2024
Статьи / главы в тематических сборниках
https://doi.org/10.1117/12.3023751
Shakhgeldyan K.J., Gribova V.V., Geltser B.I., Shalfeyeva E.A., Potapenko B.V. Hybrid clinical decision support for cardiology architectural foundations for integrations // Proc. SPIE 13074, Fifth International Conference on Image, Video Processing, and Artificial Intelligence (IVPAI 2023), 130740M (14 March 2024); https://doi.org/10.1117/12.3023751
Cardiovascular diseases (CVD) are the leading cause of death in most countries around the world, making the accurate assessment of risks and the selection of individual preventive strategies a current focus in healthcare. In this article, the authors presented a prototype of a Clinical Decision Support System (CDSS) for predicting and preventing cardiovascular risks based on a hybrid architecture that integrates machine learning models and ontological knowledge bases.
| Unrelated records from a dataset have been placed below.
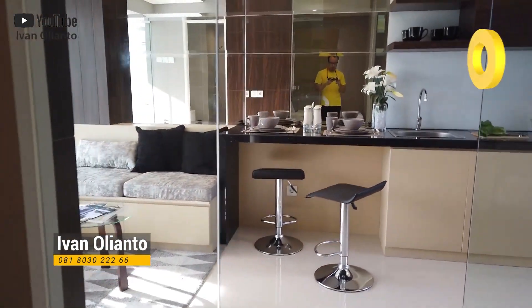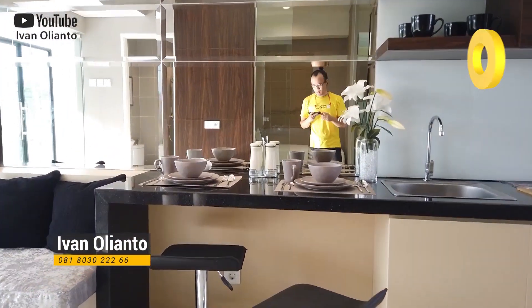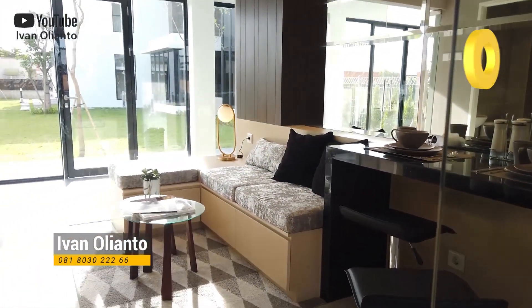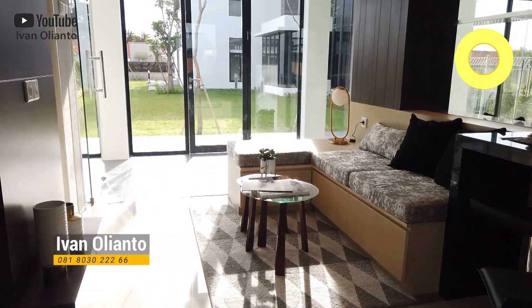Sekarang kita lihat penampakannya — ini ruang tengahnya. Mantap ya, asik bener show unit-nya. Kalau kita bicara serah terimanya, masih cukup lama, di akhir 2022. Sekarang bicara promonya selama bulan Mei 2020 ini: ada free AC, ada free kitchen set, sama ada free voucher Ciputra 1 juta rupiah. Lumayan.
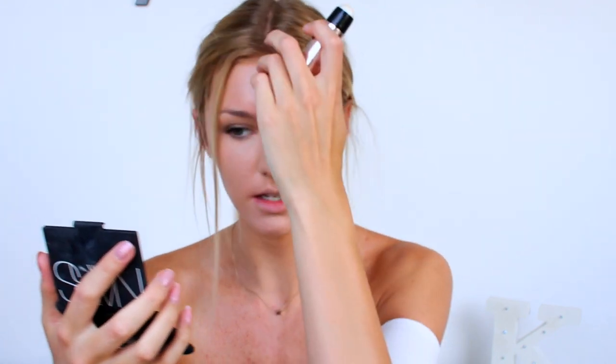Now before I set my concealer and foundation I'm just going to go in and use this stick here — this is the dewy stick from Ciaté. It's kind of like a highlighter but with no colour. I'm going to pop this on the areas which I want to highlight; it's just going to add an extra glow and make my skin look a lot more radiant and healthy and summery. So I'm just popping this on these areas.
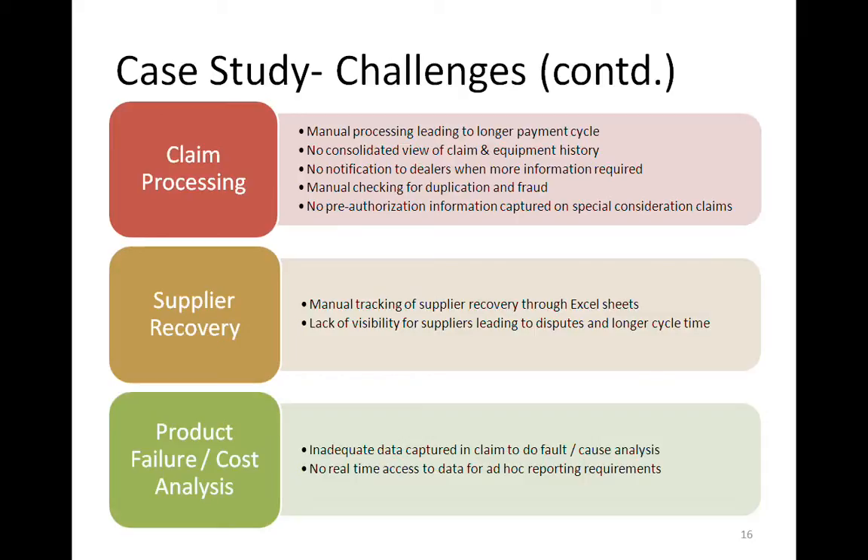With regard to claim processing, there were obviously longer payment cycles from the manual process. There wasn't enough information available to processors to make their judgments, like detailed claim history or equipment ownership history. Whenever the workflow had to go back to another party, there wasn't a way to do communication or notification — if you needed more from a dealer, you'd have to call them up, and the claim would just sit in that state. There was also manual checking for duplication and fraud, no way to handle pre-authorization for special claims, and no way to capture goodwill or out-of-warranty decisions in the system.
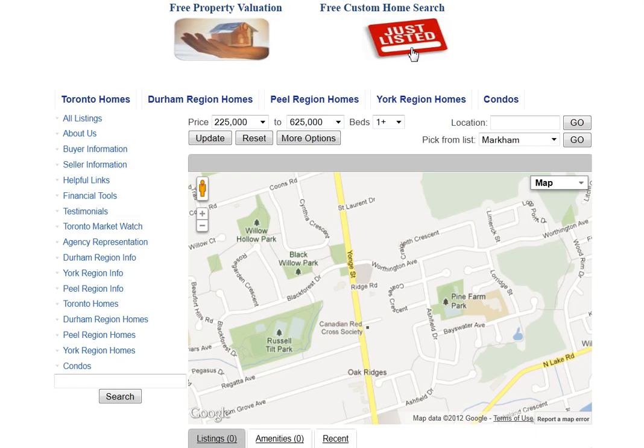If you are interested in knowing how much your home is worth, click on Free Property Valuation and you will be provided with a detailed valuation.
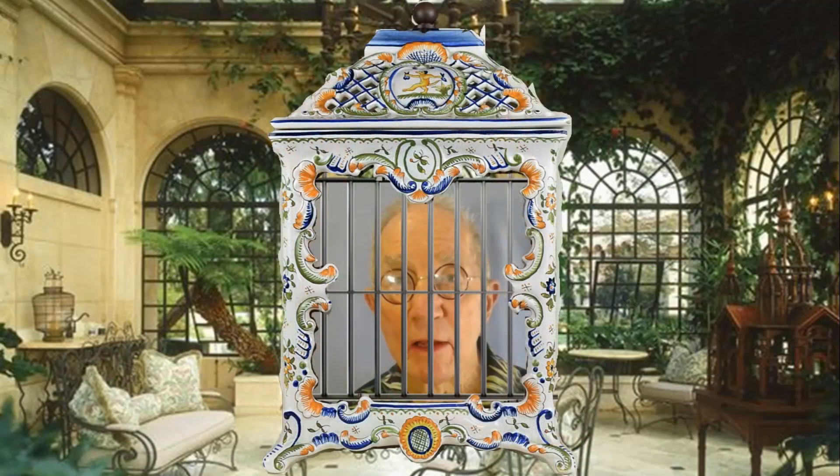Bird cages have been around for a long time, almost before prehistory, and there is reference to keeping birds in cages as far back as ancient Mesopotamia, Egypt, Persia, Greece, Rome, China, India, Babylon, among many others.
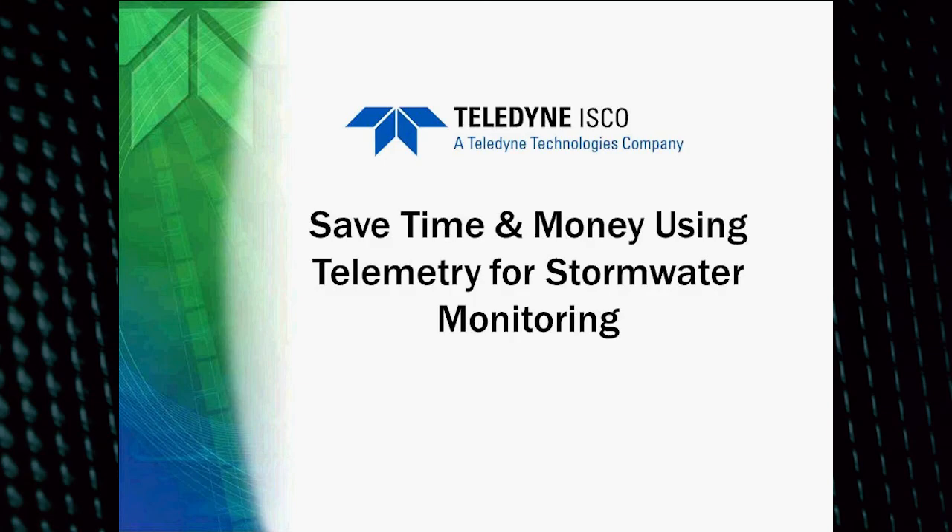Hello and welcome to 'Save Time and Money Using Telemetry for Stormwater Monitoring.' This is your presenter Angel Luke. I'm the Sampler Product Line Manager for Teledyne ISCO. I have about 20 years of experience with water and wastewater monitoring equipment, which includes installations, troubleshooting, technical support, and even application support.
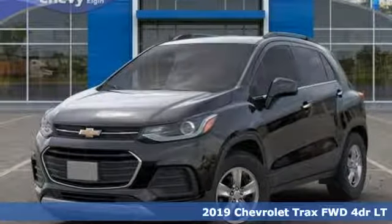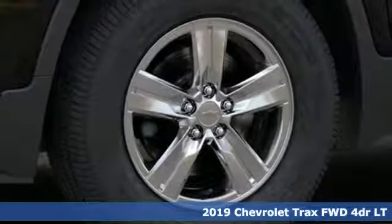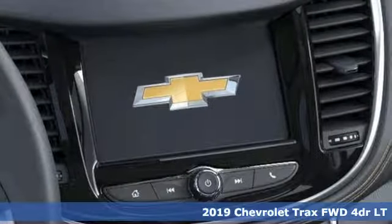It's a new 2019 Chevrolet Trax. Chevrolet, 100 years of icons. And get ready for an impressive combination of features.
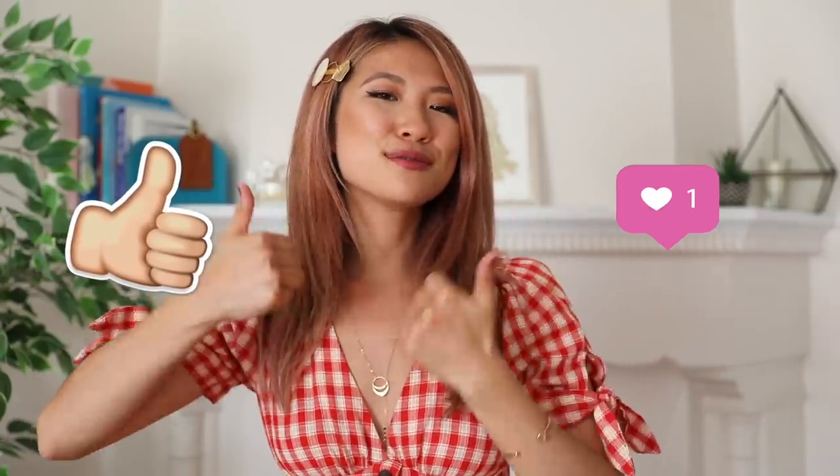I decided to recreate some of my favorite Instagrammers' poses and share some looks. Hey guys, it's Ali, welcome back to my channel. Today I'm back with an Instagram challenge for you. If you're new here, be sure to subscribe so you can join my YouTube family. Let's try to get this video to 5,000 thumbs up.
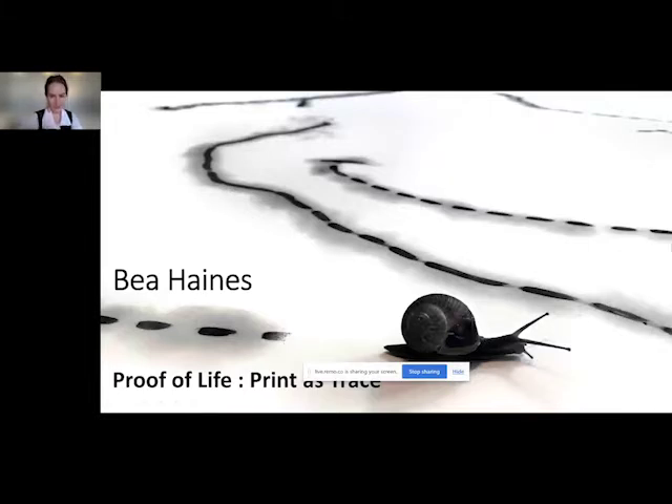Hi everyone, my name is Bea Haynes and I am a visual artist. Today I wanted to talk about my research in forensic science in relation to printmaking, including my residency in a forensic lab and how the forensics of everyday life informs my artistic practice.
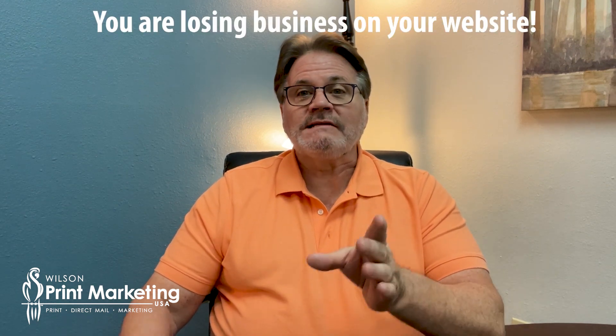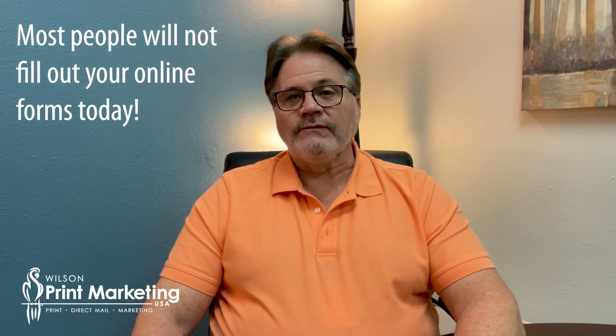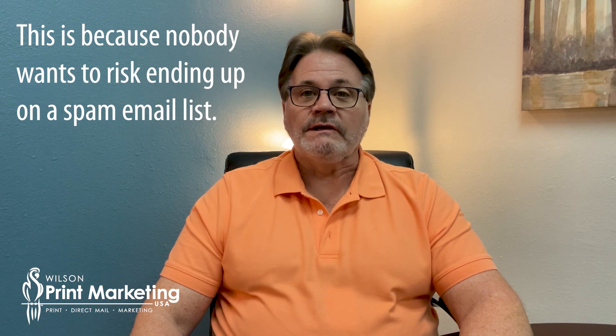New customers for your business — that is on your website. If your website is not designed properly to capture leads, you're losing them like sand through a sieve. But even if you do have your website set up to capture leads, a lot of people are not going to fill out forms today. Why? Because they know if they give you their contact information, they're going to end up on a spam email list.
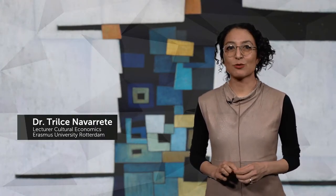Hi, welcome. I'm Teresa Navarrete and in this video we will apply various value dimensions to collections.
A microservice architecture based on the Cloud-Edge approach is proposed for optimizing computational resources when processing tabular data, signals, video, and images, as well as for enhancing the effectiveness of integration with various Healthcare Information Systems (HIS). The CDSS supports the formalization not only of medical history data and results of studies but also the rules for interpreting the results of predictions based on machine learning models and methods of explainable artificial intelligence (XAI). The developed CDSS includes widely used tools in clinical cardiology and cardiothoracic surgery for risk assessment, as well as proprietary machine learning models for predicting in-hospital mortality, and others. These models contribute to making informed medical decisions for the diagnosis, prevention, and treatment of CVD. The prototype was implemented at the Medical Center of the Far Eastern Federal University and integrated with the "1C" HIS. The experience of implementing the prototype demonstrated the high potential of hybrid CDSS based on microservice architecture for use in clinical practice.